**What you are asked to do**.
Please make an exact copy of the listing, without the pictures.

**Data provided**.
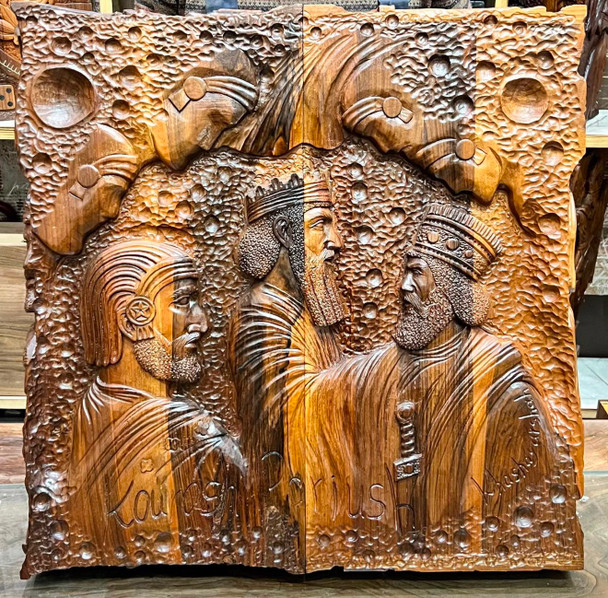 Detailed view of the opened interior board, emphasizing the mesmerizing radiant swirls of the exotic burl wood veneer and the precise alignment of the polished brass hinge pins.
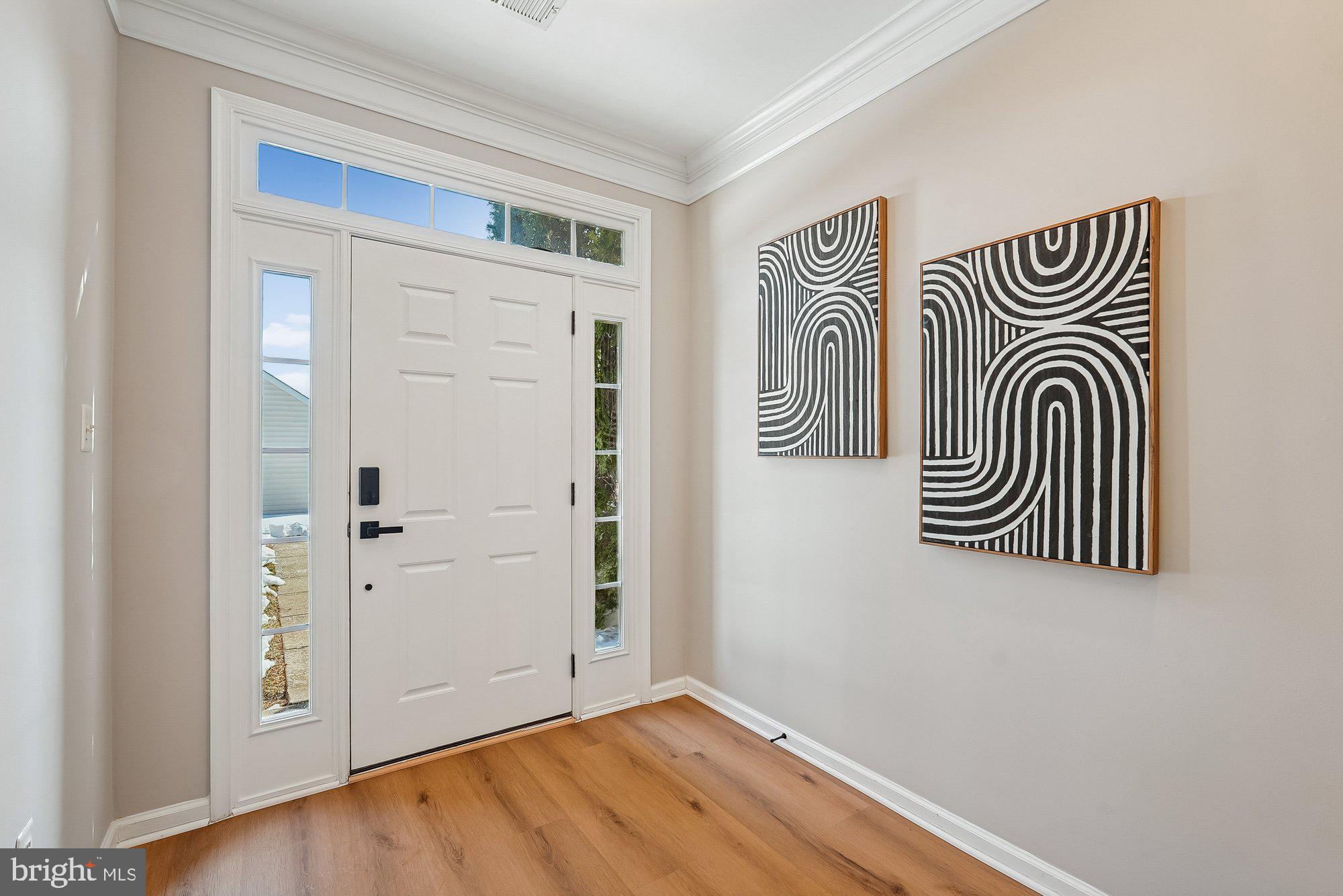 22982 Fox Fire Terrace Brambleton, VA 20148 - Photo 11 of 50 an entryway with wooden floor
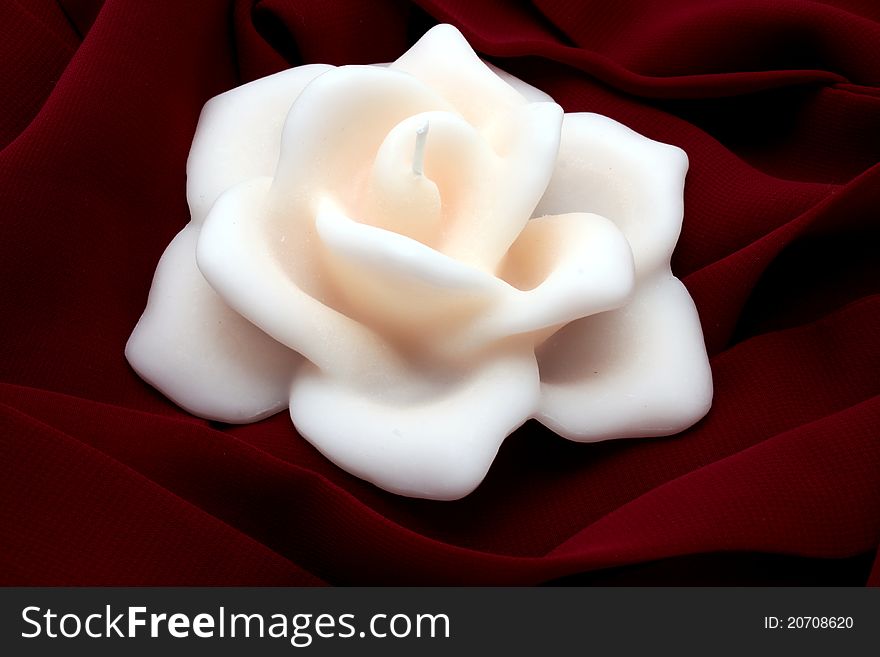 Candle in the shape of rose. Candle in the shape of rose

**Answer to this problem**.
 Detailed view of the opened interior board, emphasizing the mesmerizing radiant swirls of the exotic burl wood veneer and the precise alignment of the polished brass hinge pins.
 22982 Fox Fire Terrace Brambleton, VA 20148 - Photo 11 of 50 an entryway with wooden floor
 Candle in the shape of rose. Candle in the shape of rose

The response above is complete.